# Aim of the exercise
From the entries below, copy every line holding the word "image".

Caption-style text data
• • • • • • •

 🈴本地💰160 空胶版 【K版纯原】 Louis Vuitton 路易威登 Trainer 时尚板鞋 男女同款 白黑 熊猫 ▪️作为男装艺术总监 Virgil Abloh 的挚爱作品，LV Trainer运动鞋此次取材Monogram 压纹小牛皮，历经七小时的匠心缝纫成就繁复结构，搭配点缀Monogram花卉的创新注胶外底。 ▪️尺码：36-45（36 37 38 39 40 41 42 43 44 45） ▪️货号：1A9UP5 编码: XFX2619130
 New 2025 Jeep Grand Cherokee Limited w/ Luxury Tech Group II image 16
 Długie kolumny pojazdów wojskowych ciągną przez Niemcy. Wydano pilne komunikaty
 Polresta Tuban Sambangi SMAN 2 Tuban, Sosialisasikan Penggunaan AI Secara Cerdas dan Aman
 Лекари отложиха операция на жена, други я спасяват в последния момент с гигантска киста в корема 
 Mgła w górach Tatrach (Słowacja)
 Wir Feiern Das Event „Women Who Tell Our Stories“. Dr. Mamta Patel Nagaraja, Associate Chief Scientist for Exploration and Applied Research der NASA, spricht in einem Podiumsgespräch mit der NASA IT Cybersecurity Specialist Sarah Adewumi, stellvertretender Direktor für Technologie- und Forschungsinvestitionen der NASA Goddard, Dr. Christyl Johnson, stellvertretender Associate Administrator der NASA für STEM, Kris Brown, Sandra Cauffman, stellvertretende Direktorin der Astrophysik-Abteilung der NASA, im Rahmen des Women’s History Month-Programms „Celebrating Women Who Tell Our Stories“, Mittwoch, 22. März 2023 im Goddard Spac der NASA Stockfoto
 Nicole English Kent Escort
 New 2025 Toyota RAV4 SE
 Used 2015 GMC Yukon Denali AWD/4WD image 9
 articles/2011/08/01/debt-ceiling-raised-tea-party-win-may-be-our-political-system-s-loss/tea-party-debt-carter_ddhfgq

• • • • • • •

# Written solution
 New 2025 Jeep Grand Cherokee Limited w/ Luxury Tech Group II image 16
 Used 2015 GMC Yukon Denali AWD/4WD image 9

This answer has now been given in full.